True, but mankind could of also likely been in the wrong place at the wrong time (like the Twin Towers) doesn't mean they made a bad choice - though some (in hindsight) could be shown to of made bad hindsight choices once the buildings were hit. Some of mankind make whopping bad choices all the time but nonetheless somehow muddle onwards to give an early misdeath the roundaround.

LeBrok
15-03-13, 03:28
True, but mankind could of also likely been in the wrong place at the wrong time (like the Twin Towers) doesn't mean they made a bad choice - though some (in hindsight) could be shown to of made bad hindsight choices once the buildings were hit. Some of mankind make whopping bad choices all the time but nonetheless somehow muddle onwards to give an early misdeath the roundaround.
We can't do much about bad luck, and off course luck in general play some part in our lives. It's is part of our complicated and often unpredictable environment. Making choices is based on probabilities of more beneficial outcome, just because nothing is 100% sure in the future. Once evolution gave us bigger brains we are trying to use it making better choices, but is terribly tough in ever changing environment.

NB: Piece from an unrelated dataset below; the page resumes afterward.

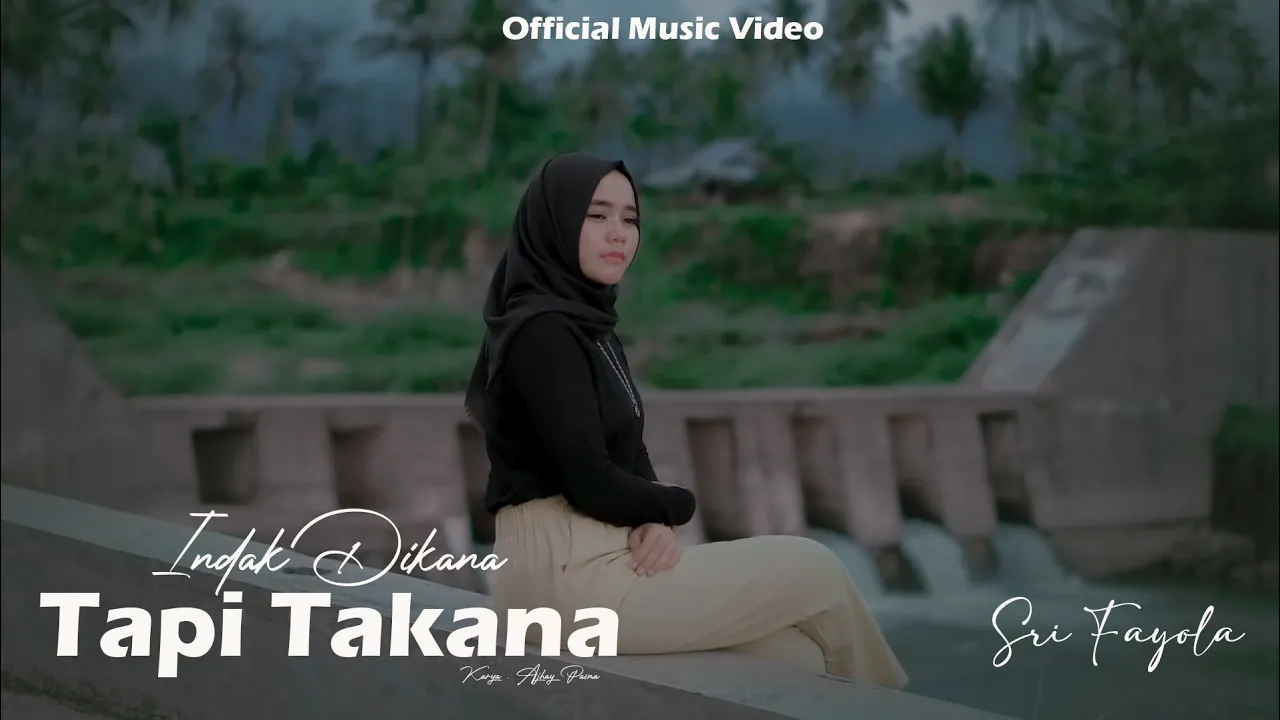 Sri Fayola - Indak Di Kana Tapi Takana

My grand point of this discussion was that it is much better to make any choice (on feelings and imperfect logic), even if probability of success is 50/50, than get stuck analyzing, on pure logic with no emotions, what is the best thing to do, and eventually die of hunger from not being able to make a decision.
After all, even Einstein was an emotional creature.
I think it was Paul Dirac who said that he doesn't believe in equations unless they are beautiful. Sort of beauty in simplicity. Computer wouldn't care, people do.